Less than 4% of UK startups have 10 or more employees 10 years after their creation according to a report on scaling-up companies that was commissioned by the British government. However, the fastest growing 6% of businesses between 2002 and 2008 created half the new UK jobs in that period, according to data from Nesta, an innovation think-tank.

British researchers have examined data on 239,649 employer firms that were born in 1998 and just about 10% survived in the 15-year period to 2013. 212,427 of the firms (90%) were born with less than 5 jobs and these very small firms had a similar proportion among the survivors. The researchers say that two-thirds of the born very small remain very small but amongst the 9,266 which grew, and had 5 jobs or more by age 15, there is an even smaller group, just 1,248 firms, which have grown quite spectacularly: taken together they account for 40% of all jobs added between birth and age 15 by all survivors.

What if a business support agency had as an objective the early identification of those 1248 firms? Choosing a member of this small group from the 1998 firms born with less than 5 jobs requires considerable luck: the chance at birth is 1,248 out of 212,427 – about 0.5%.
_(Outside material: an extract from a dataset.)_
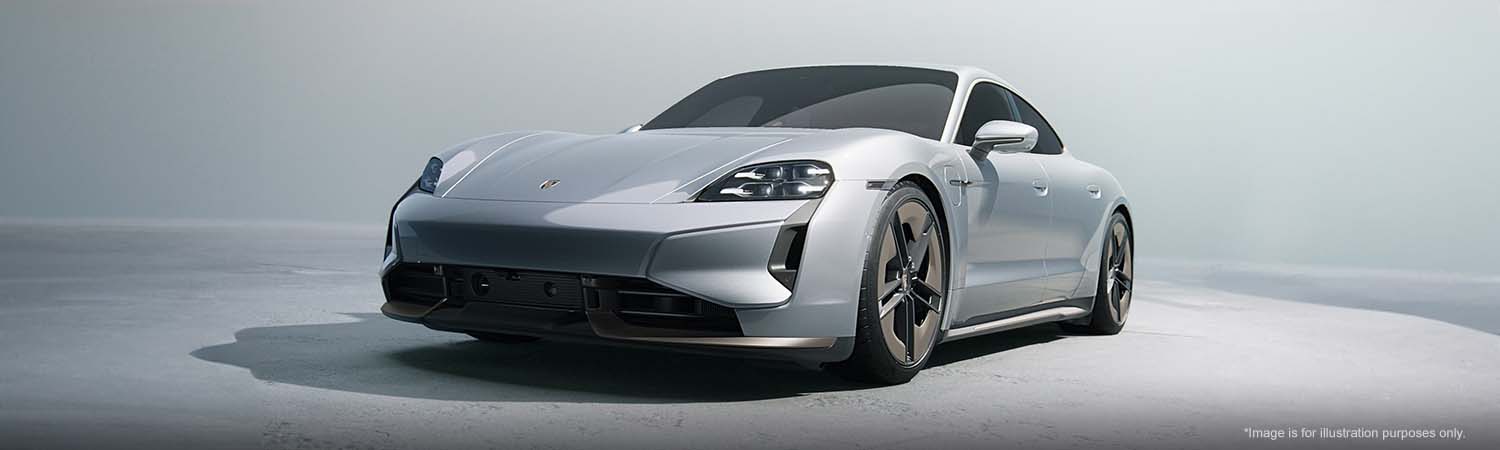 Porsche Taycan parked in a bright studio.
Eurostat data show that Ireland in 2015 had the highest rate of HGFs (based on the 10% growth level; see chart above) among firms in the EU-28 with 10 or more employees. However, the Irish data likely reflects the significant foreign multinational sector. Ireland had a very low startup rate for employer firms in 2015:

Ireland has very low employer firm startup rate- the UK is 4 times bigger

HGFs are very important but the Holy Grail of how to sustain high growth has yet to be found. There are not sufficient data on firms currently available’ to track in particular firm profitability. Longitudinal studies could help in Ireland for example in tracking firms that succeed and fail despite State support. However, the answer to the question in the title in respect of Ireland, in particular, is to get a boost in Irish-owned employer firm startups as that would increase the likelihood of HGFs being created.

The Irish government focuses on support of high tech startups but anyone with international potential is typically acquired by a foreign-owned firm before there is a scaleup in Ireland — venture capital investors of course insist on a sale when a big name international firm comes calling. See here

It’s more than 20 years since there was a significant high tech scaleup in Ireland.